Last spring—my first as a homeowner with my own yard—all I could think about was the garden I wanted to plant. I started flipping through gardening books, looking at seed catalogs and fantasizing about the many edible delights I would harvest in no time.
And then reality hit.
Our little backyard was far too shady for a full-fledged garden, and our front yard was dominated by trees and bushes.
After my initial despair over the fact that I wasn’t going to have my dream garden, I realized I still could have a garden. It just had to take a different shape. Specifically, it would involve pots—lots of pots—on our front walk.
Eggplant, peppers, tomatoes, cucumber, herbs, marigolds and geraniums get their start in the front-yard container garden. Photo By Julie Collins.
So, armed with a random assortment of terra cotta, clay and recycled plastic pots, and a few big bags of organic potting soil, I got to work planting my sidewalk garden. The beauty of container gardening is that it requires less preparation and less space than regular gardening—in other words, it’s pretty darn easy—yet you can yield a terrific harvest.
But it doesn’t hurt to do a bit of planning before you start planting. I learned (often by trial and error) that before you tackle container gardening it pays think about:
Because this rookie wasn’t ready to grow her own plants from seed quite yet, I headed to the greenhouse and purchased transplants. As I learned from the Colorado State Extension, good transplants are at least as wide as they are tall, have stocky stems with dark green, thick leaves and are free of disease and insects. I stayed away from tall, thin, sickly looking plants in favor of healthy ones—gardening is one area where beginners should avoid taking on charity cases.
Place the right plants next to one another, and they can help each other out. That’s the premise behind companion planting, and that’s why I scattered pots of marigolds and geraniums among my veggies and herbs. (Marigolds deter pests such as whiteflies; geraniums ward off cabbage worms and Japanese beetles and distract beet leafhoppers.) Gold Harvest Organics provides a handy rundown of which plants work best next to one another to help you plan your pot placement.
The right pots
Picking the right container for your plants is key to success. I did well in some cases (a medium pot loaded with a variety of herbs thrived all summer long) and failed with others (my big boy tomato didn’t produce many big boys because its pot wasn’t big enough for its root system). Ohio State University offers a great fact sheet on container gardening, complete with recommended container sizes for different types of plants.

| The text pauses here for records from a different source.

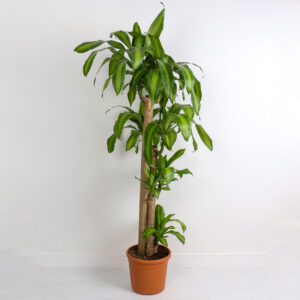 نبتة دراسينا ماسنجانا 4 سيقان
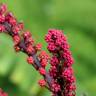 Fotografia 13 da espécie Schefflera actinophylla do Jardim Botânico UTAD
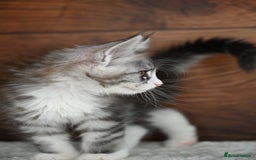 Maine Coon cats for sale: ✨Meet Cherry & Plum✨- TICA Reg - High Smoke-white - Image 4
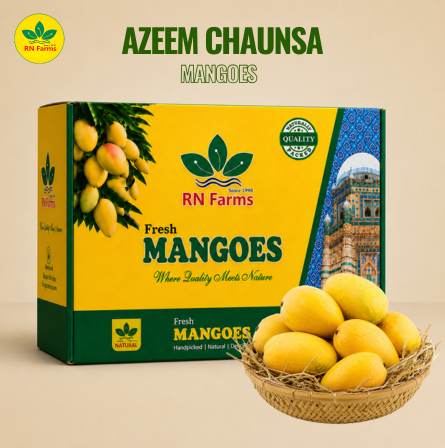 Azeem Chaunsa Mangoes |  RN farms, Multan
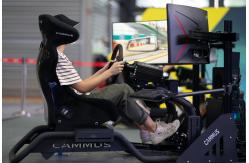 China 15Nm PC F1 Simulator With Realistic Force Feedback supplier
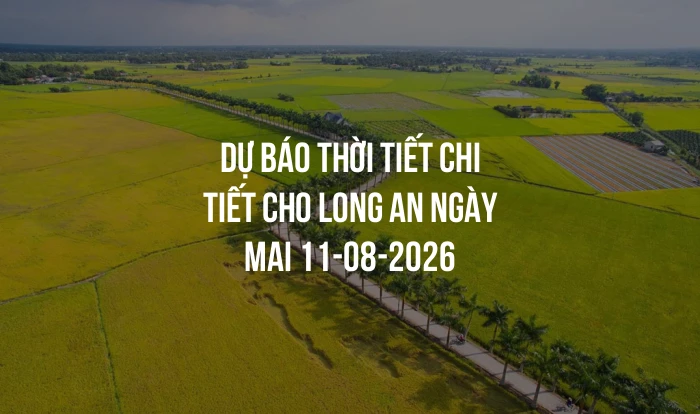 Dự báo thời tiết chi tiết cho Long An ngày mai 11-08-2026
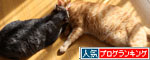 猫にしか出来ないこと。_d0355333_11081099.jpg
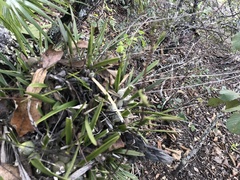 Encyclia microbulbon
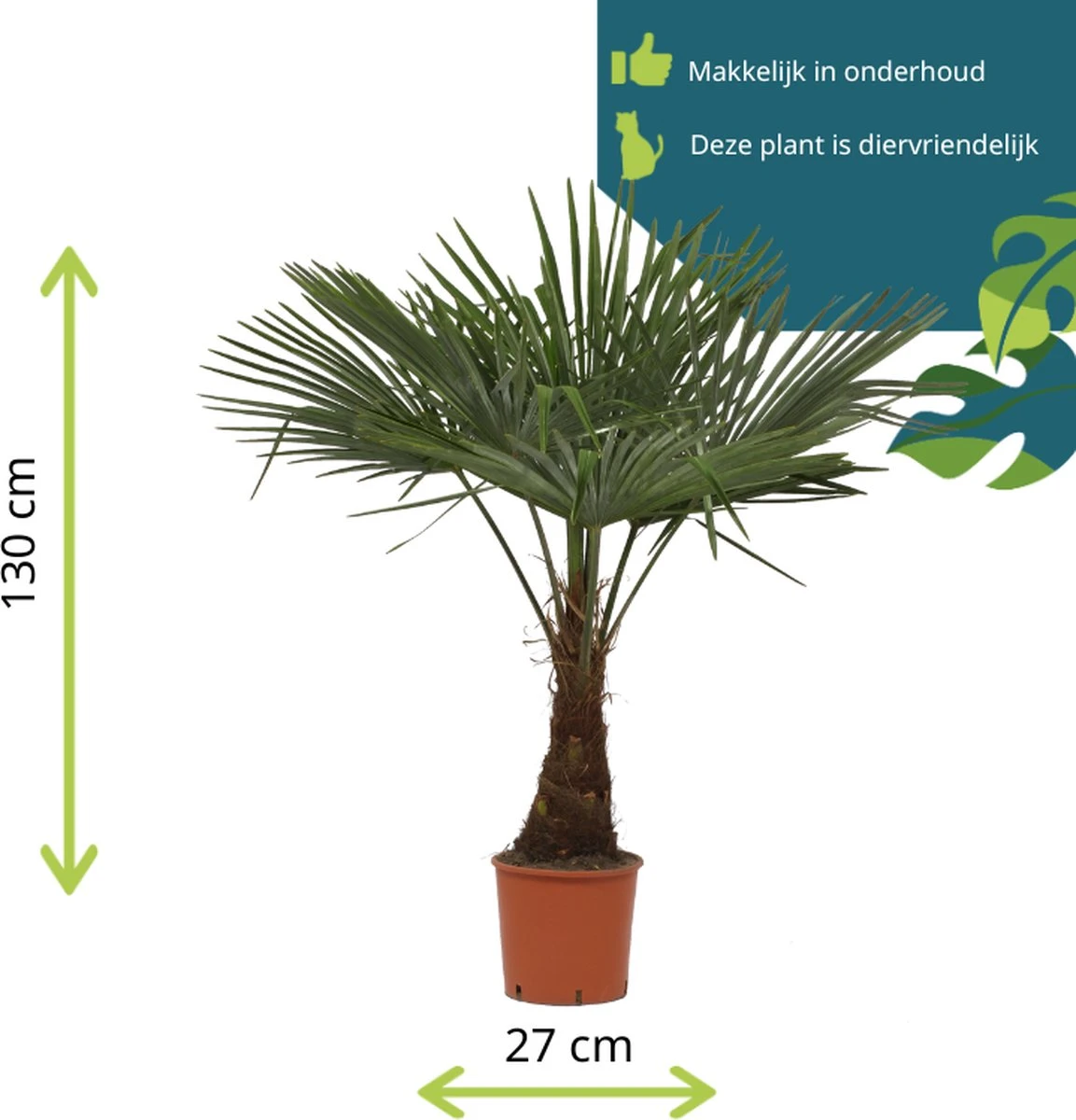 Winterharde Plamboom - Trachycarpus Fortunei 130cm - Afbeelding 4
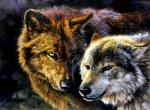 Большие волк и волчица в ночном лесу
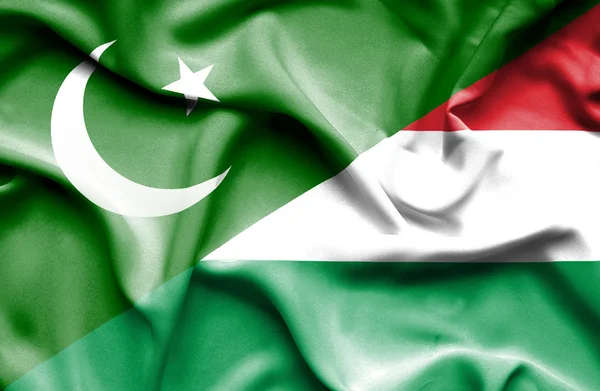 Waving flag of Hungary and Pakistan — Stock Photo, Image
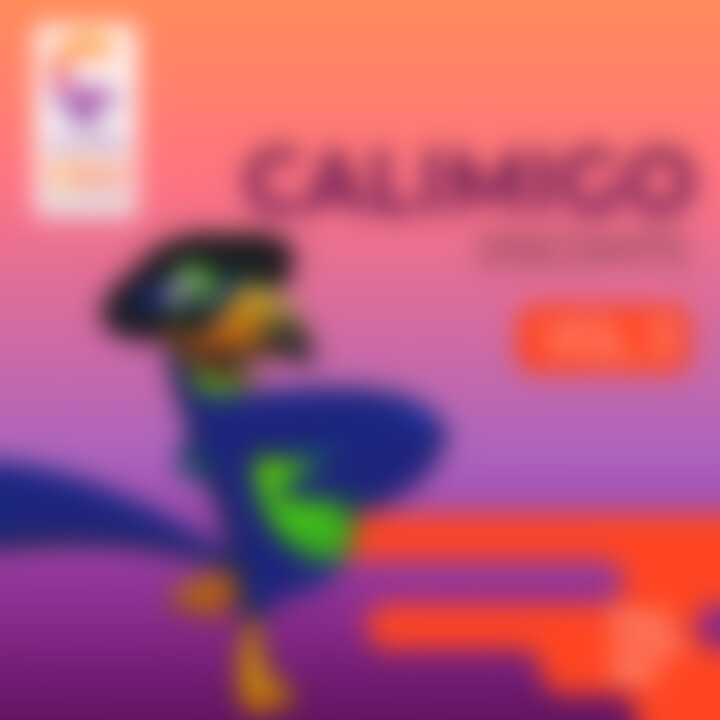 Calimigo Discohits Vol 3 Cover.jpg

I would have liked to make my own garden mix (one part garden soil, one part compost and one part sand), but my compost I started a few months earlier wasn’t ready yet, so I opted for purchased organic potting soil. Either works.
Just like in-ground veggies, many container vegetables require support. My transplants were so small when I first bought them that I didn’t even think about tomato cages, so then I ended up struggling to fit cages over my tomatoes, peppers and cucumbers after they were already too big. That’s painful for plants, which is why it’s a good idea to stake or cage well before it’s needed.
The first cherry tomatoes and cucumber blossoms signal the beginning of a successful container garden harvest. Photo By Julie Collins.
Once you’ve considered these basics, you’re ready to plant. Then, of course, it’s a matter of keeping your plants healthy and happy all summer long. I learned quite a bit about that too—again, by trial and error—so we’ll get into those basics next time.
Now, if you’ll excuse me, my pots out front need a drink.